» **AIM OF THE EXERCISE**: Each line of the records that includes "Road" should be found and copied.
START EXCERPTED RECORDS
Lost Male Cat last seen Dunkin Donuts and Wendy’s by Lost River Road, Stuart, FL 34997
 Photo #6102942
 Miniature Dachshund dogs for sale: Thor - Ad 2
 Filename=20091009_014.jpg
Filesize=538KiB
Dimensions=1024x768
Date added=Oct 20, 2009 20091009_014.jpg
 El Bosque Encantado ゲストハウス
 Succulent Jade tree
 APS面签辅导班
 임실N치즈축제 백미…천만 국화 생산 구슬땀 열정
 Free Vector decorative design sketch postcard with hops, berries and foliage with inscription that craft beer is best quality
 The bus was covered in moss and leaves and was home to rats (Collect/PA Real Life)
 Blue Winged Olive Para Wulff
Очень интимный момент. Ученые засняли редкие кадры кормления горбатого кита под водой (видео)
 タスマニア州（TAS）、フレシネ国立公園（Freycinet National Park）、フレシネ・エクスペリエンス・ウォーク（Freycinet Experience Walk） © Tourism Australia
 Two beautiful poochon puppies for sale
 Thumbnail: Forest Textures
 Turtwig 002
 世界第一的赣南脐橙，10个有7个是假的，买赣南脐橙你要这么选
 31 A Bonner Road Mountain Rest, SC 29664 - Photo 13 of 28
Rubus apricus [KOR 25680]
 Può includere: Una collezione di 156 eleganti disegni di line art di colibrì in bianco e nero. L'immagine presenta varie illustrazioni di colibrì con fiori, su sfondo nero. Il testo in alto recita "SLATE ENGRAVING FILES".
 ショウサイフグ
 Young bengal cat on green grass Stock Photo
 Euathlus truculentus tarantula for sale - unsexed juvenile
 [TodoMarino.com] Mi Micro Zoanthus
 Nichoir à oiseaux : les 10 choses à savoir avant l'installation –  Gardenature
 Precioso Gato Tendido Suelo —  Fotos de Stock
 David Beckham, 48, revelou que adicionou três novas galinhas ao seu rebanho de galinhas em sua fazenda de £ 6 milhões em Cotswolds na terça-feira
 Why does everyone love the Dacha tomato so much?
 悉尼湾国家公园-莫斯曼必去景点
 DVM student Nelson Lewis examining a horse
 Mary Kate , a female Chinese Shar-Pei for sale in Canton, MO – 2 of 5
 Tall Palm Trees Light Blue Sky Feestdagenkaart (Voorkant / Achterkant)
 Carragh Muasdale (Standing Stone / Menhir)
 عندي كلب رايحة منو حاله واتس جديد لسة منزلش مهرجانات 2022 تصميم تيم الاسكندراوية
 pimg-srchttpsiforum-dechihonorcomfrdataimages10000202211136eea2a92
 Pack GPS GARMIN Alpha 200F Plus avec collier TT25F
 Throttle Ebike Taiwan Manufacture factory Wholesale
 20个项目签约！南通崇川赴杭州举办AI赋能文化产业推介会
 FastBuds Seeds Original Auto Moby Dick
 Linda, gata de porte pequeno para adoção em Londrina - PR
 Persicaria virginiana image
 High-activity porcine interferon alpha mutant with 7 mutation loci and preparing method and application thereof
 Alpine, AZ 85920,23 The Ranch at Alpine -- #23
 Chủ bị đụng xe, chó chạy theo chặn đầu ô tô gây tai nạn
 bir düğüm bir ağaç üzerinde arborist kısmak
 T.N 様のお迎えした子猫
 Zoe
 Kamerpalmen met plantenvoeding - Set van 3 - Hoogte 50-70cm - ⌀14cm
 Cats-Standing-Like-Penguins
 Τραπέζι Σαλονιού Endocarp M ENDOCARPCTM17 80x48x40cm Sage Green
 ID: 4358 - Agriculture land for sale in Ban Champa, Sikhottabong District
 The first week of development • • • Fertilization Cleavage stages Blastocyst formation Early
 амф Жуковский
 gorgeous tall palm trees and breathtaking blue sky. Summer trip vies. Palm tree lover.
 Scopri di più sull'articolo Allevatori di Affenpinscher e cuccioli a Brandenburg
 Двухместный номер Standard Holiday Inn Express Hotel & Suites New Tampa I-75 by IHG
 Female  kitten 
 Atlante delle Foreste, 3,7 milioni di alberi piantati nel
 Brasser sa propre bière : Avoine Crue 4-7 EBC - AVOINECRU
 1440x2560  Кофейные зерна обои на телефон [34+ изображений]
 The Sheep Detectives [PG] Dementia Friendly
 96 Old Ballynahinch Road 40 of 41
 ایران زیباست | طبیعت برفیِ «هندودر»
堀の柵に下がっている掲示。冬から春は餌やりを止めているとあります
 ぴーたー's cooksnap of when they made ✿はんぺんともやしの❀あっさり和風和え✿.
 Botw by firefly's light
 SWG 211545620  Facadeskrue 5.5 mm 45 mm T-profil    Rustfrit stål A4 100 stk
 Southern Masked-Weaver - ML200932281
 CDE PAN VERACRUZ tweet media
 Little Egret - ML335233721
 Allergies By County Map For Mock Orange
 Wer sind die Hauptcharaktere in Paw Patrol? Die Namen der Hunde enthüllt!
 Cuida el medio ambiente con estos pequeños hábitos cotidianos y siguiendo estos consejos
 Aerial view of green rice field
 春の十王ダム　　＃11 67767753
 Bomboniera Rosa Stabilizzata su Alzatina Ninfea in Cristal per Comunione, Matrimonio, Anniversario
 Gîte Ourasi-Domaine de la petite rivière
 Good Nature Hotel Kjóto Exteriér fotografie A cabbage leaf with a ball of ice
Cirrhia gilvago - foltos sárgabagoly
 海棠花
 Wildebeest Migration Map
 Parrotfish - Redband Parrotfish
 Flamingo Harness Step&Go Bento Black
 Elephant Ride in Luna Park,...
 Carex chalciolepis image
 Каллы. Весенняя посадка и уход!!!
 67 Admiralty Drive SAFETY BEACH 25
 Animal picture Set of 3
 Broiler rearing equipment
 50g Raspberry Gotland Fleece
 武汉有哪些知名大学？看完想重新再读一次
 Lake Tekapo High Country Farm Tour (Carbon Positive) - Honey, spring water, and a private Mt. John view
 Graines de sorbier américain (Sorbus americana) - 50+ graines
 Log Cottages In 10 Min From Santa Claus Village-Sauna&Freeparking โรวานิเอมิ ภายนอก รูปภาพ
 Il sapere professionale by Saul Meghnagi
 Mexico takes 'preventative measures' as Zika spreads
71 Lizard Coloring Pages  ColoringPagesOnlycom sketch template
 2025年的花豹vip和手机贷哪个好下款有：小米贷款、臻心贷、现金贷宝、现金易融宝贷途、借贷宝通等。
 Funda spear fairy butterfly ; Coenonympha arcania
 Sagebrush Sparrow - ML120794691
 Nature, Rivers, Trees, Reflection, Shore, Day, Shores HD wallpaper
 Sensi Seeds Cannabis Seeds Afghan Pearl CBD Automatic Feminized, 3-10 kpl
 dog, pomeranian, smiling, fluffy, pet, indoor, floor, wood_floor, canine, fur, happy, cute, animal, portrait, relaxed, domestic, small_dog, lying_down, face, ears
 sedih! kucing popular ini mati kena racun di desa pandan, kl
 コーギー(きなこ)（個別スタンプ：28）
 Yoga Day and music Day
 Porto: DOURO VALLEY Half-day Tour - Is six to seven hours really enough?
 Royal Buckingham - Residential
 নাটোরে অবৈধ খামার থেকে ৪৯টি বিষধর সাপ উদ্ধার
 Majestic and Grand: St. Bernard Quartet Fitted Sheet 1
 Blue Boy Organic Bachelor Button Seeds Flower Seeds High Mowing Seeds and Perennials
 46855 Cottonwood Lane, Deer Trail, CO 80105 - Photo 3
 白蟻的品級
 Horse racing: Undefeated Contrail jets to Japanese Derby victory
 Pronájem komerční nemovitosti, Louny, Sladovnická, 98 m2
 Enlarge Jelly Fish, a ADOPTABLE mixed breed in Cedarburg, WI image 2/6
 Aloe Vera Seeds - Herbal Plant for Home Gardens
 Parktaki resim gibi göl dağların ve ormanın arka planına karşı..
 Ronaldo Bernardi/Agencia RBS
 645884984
END EXCERPTED RECORDS
» **RESPONSE AREA**:
Lost Male Cat last seen Dunkin Donuts and Wendy’s by Lost River Road, Stuart, FL 34997
 31 A Bonner Road Mountain Rest, SC 29664 - Photo 13 of 28
 96 Old Ballynahinch Road 40 of 41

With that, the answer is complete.